Implementation:Spotify Luigi CopyToTable Run
| Knowledge Sources | Spotify Luigi Repository |
|---|---|
| Domains | Pipeline_Orchestration, Database, ETL |
| Last Updated | 2026-02-10 00:00 GMT |
Overview
Concrete tool for loading processed pipeline data into database tables provided by Luigi.
Description
Luigis CopyToTable classes implement the full data loading lifecycle through their run(), rows(), copy(), init_copy(), and post_copy() methods. Each database backend provides a specialized implementation tuned to its bulk loading capabilities.
PostgreSQL (postgres.CopyToTable.run()): The rows() method yields tuples by reading lines from the upstream tasks output, splitting on tab characters. The run() method iterates over these rows, applies map_column() to escape special characters (backslash, tab, newline, carriage return, vertical tab, backspace, form feed) and convert null values to \\N, then writes each row as a tab-separated line to a tempfile.TemporaryFile. After writing, it seeks back to position 0 and calls copy(cursor, file), which issues a COPY table (columns) FROM STDIN SQL command using cursor.copy_expert() (psycopg2) or cursor.execute() with a stream parameter (pg8000).
MySQL (mysqldb.CopyToTable.run()): The copy(cursor) method constructs a parameterized INSERT INTO table (columns) VALUES (%s, ...) query and uses cursor.executemany() to insert rows in batches of bulk_size (default 10,000). No temporary file is used.
SQLAlchemy (sqla.CopyToTable.run()): The run() method creates the table via create_table(engine), then iterates over rows() in chunks of chunk_size (default 5,000). Each chunk is converted to a list of dictionaries keyed by column names (prefixed with underscore for SQLAlchemy bindparam compatibility) and inserted via conn.execute(table.insert().values(bound_cols), rows).
All backends call init_copy() before and post_copy() after the data transfer, and all mark completion via output().touch() within the same transaction.
Usage
Use these run() / rows() / copy() methods when:
- You have a Luigi task that produces tabular data and needs to load it into a database table.
- You want to customize row generation by overriding
rows()to yield data from a non-standard source. - You need pre-copy or post-copy processing by overriding
init_copy()orpost_copy(). - You want to tune bulk loading performance by adjusting
bulk_size(MySQL) orchunk_size(SQLAlchemy).
Code Reference
Source Location
- Postgres rows, copy, run:
luigi/contrib/postgres.py, lines 314-430 - Postgres map_column:
luigi/contrib/postgres.py, lines 322-331 - Abstract init_copy, post_copy:
luigi/contrib/rdbms.py, lines 237-265 - MySQL copy, run:
luigi/contrib/mysqldb.py, lines 195-253 - SQLAlchemy run, copy:
luigi/contrib/sqla.py, lines 388-418
Signature
postgres.CopyToTable.rows:
def rows(self):
"""Return/yield tuples or lists corresponding to each row to be inserted."""
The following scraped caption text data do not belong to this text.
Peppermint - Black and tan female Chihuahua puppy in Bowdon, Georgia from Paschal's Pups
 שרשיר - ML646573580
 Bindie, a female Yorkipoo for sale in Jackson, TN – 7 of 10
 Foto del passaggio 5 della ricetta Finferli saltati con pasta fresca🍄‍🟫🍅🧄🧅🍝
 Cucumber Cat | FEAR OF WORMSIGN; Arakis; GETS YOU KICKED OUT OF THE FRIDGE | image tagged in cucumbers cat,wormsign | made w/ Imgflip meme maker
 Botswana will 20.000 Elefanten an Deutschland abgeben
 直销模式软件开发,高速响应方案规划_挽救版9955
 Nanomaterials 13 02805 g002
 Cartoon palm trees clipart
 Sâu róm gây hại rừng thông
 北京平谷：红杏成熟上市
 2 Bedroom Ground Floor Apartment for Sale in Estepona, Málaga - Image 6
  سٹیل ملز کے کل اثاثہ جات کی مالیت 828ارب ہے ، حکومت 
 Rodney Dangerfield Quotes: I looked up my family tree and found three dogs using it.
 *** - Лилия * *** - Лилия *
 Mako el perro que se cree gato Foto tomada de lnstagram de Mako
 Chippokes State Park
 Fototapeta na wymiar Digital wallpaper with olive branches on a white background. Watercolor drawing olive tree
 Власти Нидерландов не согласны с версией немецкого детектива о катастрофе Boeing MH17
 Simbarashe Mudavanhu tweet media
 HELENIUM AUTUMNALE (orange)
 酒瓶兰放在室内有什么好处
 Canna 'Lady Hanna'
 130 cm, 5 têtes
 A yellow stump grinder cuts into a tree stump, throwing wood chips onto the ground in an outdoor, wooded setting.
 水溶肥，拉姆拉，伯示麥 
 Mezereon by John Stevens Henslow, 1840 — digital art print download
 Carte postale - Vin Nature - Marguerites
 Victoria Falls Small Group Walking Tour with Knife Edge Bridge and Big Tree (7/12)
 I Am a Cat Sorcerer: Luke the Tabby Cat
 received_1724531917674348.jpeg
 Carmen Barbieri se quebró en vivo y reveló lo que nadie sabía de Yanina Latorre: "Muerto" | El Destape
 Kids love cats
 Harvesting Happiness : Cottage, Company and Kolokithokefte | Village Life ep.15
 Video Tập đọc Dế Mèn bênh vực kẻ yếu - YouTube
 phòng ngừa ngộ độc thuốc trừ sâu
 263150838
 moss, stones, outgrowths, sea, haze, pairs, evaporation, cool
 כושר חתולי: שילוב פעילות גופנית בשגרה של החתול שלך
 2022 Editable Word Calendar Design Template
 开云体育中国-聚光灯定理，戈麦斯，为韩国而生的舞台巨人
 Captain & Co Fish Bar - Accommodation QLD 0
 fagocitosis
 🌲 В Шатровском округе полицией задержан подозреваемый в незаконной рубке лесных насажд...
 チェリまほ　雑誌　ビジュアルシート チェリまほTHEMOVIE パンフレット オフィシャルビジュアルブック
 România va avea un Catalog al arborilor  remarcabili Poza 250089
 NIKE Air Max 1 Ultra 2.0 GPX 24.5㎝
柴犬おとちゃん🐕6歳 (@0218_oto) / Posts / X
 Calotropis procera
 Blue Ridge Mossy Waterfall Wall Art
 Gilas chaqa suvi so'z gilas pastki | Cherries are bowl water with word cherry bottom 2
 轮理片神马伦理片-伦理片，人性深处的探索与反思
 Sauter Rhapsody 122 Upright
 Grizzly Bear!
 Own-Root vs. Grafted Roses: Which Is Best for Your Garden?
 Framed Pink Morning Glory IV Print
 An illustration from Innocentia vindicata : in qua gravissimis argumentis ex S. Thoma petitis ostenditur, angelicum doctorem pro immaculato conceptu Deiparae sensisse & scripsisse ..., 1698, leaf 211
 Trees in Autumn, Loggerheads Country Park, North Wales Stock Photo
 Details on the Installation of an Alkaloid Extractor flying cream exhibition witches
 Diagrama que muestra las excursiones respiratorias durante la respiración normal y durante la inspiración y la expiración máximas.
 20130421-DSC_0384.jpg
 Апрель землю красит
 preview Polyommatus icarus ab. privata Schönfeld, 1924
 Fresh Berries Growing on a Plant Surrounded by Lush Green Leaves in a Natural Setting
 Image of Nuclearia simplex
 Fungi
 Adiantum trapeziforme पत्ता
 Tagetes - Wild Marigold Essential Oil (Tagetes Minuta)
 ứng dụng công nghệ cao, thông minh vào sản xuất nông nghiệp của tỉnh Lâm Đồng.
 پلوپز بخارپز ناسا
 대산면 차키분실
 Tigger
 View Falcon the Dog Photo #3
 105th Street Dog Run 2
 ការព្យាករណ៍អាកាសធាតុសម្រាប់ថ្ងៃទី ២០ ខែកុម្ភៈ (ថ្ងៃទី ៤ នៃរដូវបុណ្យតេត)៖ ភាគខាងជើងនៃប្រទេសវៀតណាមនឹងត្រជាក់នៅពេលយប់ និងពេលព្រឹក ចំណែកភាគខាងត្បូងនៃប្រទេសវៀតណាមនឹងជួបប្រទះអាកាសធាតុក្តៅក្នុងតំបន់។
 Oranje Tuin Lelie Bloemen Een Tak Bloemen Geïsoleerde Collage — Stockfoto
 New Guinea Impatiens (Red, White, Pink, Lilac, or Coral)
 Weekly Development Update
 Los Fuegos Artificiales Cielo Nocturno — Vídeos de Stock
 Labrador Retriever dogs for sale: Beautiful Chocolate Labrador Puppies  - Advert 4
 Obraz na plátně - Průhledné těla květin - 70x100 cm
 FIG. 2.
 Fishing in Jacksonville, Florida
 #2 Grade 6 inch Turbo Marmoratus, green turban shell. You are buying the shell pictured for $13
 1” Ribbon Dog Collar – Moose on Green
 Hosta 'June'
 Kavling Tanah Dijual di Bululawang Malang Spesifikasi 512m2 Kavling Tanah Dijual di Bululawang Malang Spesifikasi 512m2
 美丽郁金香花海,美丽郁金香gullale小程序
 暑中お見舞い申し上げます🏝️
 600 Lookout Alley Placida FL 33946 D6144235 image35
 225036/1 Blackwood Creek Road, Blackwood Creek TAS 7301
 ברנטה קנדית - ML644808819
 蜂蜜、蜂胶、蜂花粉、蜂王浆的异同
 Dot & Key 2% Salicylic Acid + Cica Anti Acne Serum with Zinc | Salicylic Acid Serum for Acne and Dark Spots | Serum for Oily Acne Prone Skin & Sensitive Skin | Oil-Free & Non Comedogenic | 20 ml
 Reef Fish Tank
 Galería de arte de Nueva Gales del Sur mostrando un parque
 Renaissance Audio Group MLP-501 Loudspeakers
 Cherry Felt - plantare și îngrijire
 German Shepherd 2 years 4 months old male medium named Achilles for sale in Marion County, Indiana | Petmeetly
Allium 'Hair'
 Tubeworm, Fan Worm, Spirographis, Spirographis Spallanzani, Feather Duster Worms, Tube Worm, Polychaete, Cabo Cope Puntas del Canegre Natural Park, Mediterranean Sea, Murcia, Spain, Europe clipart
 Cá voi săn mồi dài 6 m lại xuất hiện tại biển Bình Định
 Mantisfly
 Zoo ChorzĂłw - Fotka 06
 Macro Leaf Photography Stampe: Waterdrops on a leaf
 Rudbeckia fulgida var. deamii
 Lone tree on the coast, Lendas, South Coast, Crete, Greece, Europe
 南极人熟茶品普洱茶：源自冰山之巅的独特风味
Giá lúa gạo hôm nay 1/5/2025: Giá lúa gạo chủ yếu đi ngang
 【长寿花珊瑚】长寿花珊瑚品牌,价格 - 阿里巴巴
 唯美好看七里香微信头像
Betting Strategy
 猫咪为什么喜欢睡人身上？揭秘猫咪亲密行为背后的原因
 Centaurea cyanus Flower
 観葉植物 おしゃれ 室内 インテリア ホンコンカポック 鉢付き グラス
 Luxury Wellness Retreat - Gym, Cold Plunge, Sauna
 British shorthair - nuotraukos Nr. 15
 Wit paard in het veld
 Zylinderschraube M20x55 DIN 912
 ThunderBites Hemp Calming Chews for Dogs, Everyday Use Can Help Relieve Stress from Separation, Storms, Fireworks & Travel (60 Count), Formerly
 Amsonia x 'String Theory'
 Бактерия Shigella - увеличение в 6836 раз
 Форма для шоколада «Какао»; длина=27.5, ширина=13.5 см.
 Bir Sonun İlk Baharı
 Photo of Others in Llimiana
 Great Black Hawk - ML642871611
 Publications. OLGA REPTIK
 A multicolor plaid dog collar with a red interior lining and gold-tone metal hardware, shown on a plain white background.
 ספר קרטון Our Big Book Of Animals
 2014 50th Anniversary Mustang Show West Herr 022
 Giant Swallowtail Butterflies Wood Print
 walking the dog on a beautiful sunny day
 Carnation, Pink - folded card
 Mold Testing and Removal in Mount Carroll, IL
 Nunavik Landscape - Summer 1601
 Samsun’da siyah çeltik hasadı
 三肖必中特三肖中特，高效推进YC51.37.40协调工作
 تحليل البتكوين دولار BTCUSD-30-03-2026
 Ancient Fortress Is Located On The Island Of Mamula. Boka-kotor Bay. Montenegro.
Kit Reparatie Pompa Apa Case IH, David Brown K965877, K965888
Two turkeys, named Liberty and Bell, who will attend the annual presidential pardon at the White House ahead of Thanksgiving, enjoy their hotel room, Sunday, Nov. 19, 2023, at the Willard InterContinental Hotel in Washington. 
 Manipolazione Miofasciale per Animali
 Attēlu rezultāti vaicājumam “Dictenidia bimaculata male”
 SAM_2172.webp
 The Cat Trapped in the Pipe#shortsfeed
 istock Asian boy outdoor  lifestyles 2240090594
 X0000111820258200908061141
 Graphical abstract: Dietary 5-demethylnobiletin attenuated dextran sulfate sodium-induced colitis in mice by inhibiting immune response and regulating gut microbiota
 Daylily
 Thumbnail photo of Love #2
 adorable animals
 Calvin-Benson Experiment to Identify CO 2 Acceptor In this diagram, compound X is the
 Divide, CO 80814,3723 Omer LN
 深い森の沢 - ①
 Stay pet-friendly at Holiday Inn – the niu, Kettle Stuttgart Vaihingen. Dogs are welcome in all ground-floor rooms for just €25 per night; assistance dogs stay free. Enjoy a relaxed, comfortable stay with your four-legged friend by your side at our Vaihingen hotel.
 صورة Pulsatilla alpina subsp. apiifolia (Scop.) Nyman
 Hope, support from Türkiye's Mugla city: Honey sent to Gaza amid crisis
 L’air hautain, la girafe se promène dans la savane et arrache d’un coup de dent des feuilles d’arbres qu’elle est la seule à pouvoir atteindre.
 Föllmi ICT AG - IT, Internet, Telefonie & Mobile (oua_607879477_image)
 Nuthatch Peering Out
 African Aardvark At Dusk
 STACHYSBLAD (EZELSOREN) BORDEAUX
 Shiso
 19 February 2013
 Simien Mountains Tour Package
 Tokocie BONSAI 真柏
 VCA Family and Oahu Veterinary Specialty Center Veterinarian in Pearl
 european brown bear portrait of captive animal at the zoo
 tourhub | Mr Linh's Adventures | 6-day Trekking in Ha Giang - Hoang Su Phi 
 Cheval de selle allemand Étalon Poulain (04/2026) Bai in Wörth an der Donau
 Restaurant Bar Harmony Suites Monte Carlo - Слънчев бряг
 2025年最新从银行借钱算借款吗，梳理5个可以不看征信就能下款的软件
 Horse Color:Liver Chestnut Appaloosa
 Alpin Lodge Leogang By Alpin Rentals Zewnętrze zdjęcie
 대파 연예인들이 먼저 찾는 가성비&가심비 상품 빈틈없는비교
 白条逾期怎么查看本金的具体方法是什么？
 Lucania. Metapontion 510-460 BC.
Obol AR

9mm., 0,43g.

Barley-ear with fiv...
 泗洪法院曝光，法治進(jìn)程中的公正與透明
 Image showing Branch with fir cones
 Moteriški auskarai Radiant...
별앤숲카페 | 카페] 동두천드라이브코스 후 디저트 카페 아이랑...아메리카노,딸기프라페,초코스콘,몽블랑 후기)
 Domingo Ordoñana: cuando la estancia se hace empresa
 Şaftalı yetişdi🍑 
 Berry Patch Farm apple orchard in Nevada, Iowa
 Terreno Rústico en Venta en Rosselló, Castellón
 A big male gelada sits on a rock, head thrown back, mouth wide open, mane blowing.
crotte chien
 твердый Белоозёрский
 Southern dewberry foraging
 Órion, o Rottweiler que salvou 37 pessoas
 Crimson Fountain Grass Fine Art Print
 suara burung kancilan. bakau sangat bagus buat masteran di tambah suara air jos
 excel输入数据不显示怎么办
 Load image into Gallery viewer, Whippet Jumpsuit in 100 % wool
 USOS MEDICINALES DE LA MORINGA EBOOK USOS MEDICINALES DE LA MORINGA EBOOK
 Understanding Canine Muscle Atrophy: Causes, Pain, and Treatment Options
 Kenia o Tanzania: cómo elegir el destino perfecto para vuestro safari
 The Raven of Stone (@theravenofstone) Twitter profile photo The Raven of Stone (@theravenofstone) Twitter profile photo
with self.input().open('r') as fobj:
for line in fobj:
yield line.strip('\n').split('\t')
postgres.CopyToTable.map_column:
def map_column(self, value):
"""Applied to each column of every row returned by rows()."""
if value in self.null_values:
return r'\\N'
else:
return default_escape(str(value))
postgres.CopyToTable.copy:
def copy(self, cursor, file):
if isinstance(self.columns[0], str):
column_names = self.columns
elif len(self.columns[0]) == 2:
column_names = [c[0] for c in self.columns]
else:
raise Exception(
'columns must consist of column strings or '
'(column string, type string) tuples (was %r ...)' % (self.columns[0],)
)
copy_sql = (
"COPY {table} ({column_list}) FROM STDIN "
"WITH (FORMAT text, NULL '{null_string}', DELIMITER '{delimiter}')"
).format(
table=self.table,
delimiter=self.column_separator,
null_string=r'\\N',
column_list=", ".join(column_names),
)
if hasattr(cursor, 'copy_expert'):
cursor.copy_expert(copy_sql, file)
else:
cursor.execute(copy_sql, stream=file)
postgres.CopyToTable.run (core logic):
def run(self):
if not (self.table and self.columns):
raise Exception("table and columns need to be specified")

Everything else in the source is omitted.